The Florida supreme court in Tedder has said, you have to look at a life recommendation and find whether or not it was a reasonable... there was a reasonable basis to that recommendation.
Unknown Speaker: Therefore we should assume that if the jury had come in with a life recommendation here, if it... presumably a properly instructed jury might have done so, that would have an impact on the judge, some impact?
Mr. Dittmar: --I think it would have had some impact on the judge.
Unknown Speaker: Right.
Mr. Dittmar: The--
Unknown Speaker: And in fact the judge, as a matter of Florida law, would have had a duty to pay attention to what the jury had said.
Mr. Dittmar: --Right.
Well, as a matter of Florida law the judge still has to make his own independent determination.
Unknown Speaker: Right, I understand, but he doesn't do it as though there were no jury recommendation out there.
Mr. Dittmar: That's correct.
He has to take into account the jury recommendation, and I think particularly when the jury is recommending something that differs from his independent analysis of the situation, he has to consider it.
Unknown Speaker: So it's not really independent.
I mean, these words don't make any sense.
He makes his own independent determination, but he has to take into account the jury's determination--
Mr.
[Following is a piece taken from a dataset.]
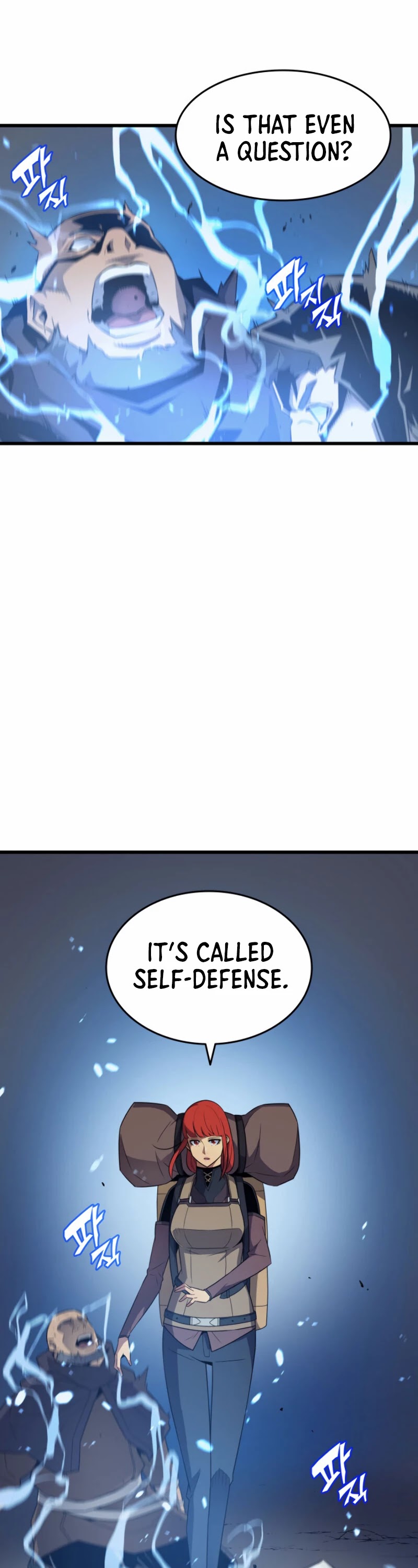 The Great Mage Returns After 4000 Years Chapter 66 page 11 - Chapter 66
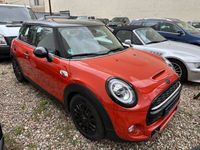 gebraucht Mini Cooper S 2.0 Automatik TOP ZUSTAND!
Dittmar: Well, I think he can--
Unknown Speaker: --if it disagrees with his independent determination.
Mr. Dittmar: --I think he can make an independent determination first.
Unknown Speaker: Okay, but that won't suffice.
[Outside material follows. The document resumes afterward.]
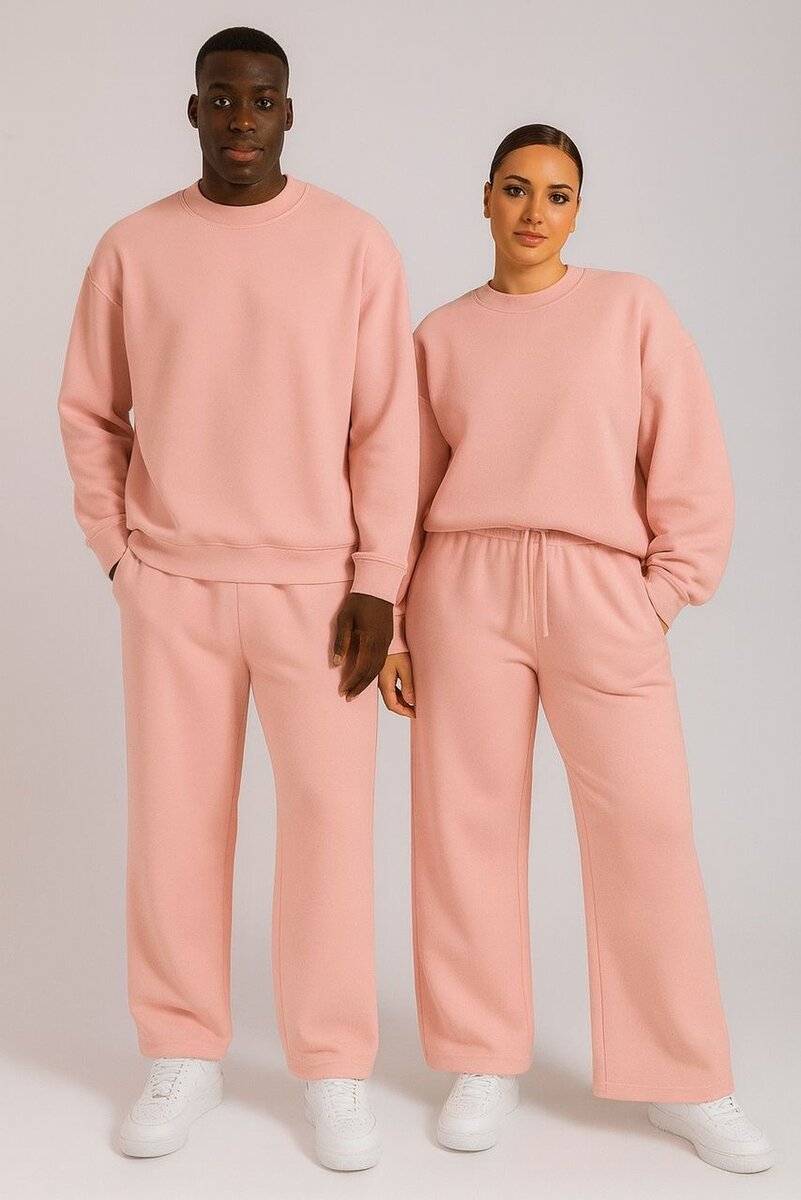 Ensemble de survêtement unisexe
He... his own independent determination may be overcome by the fact that the jury's determination to the contrary was a reasonable one.
Is that right?
Mr. Dittmar: In the situation where the jury has recommended life.
Unknown Speaker: Right.
Well, it all... it says... great weight is the quote they use, that he's... in page 23 of your opponent's brief it says that, quoting Espinosa quoting Tedder, it says that the Florida law is that the judge has to give great weight to the jury's recommendation, whether of life or death, which are counsel's words.
Now, is that right?
Mr. Dittmar: Well, there are cases in Florida in dicta where there's been a death recommendation where the Florida supreme court has said a death recommendation is also entitled to the same deference.
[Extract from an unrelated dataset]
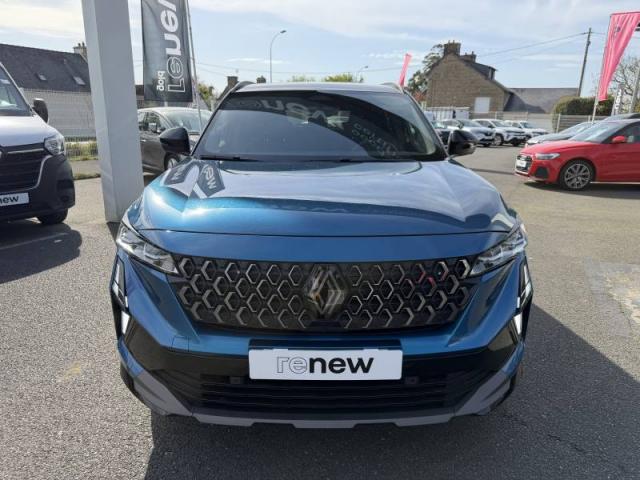 Renault Austral image 1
However, you don't have the same situation.
If the judge... if the jury in Florida recommends a death sentence and the judge imposes a life sentence, then a life sentence is it, and that case is not reviewed by the Florida supreme court.
Unknown Speaker: Can you respond to... I have another question which I... I grant you, going through the... this is very... there's the Godfrey, and the--
Mr. Dittmar: Right.
Unknown Speaker: --Thirty-eight different case names, and it's sort of like you have to figure out the professor writes ten million equations on the board and then he answers, well, it was obvious.
I mean, the question is, how obvious is this?
So in thinking about that, well, basically there is something working out here which is obvious from, like, Justinian or something, that if you have a jury and the jury decides whether a person's negligent or any other thing, and the jury's misinstructed, you get a new trial, unless the judge says that it was harmless, and it seems as if all these cases represent a working out of that principle and nothing else.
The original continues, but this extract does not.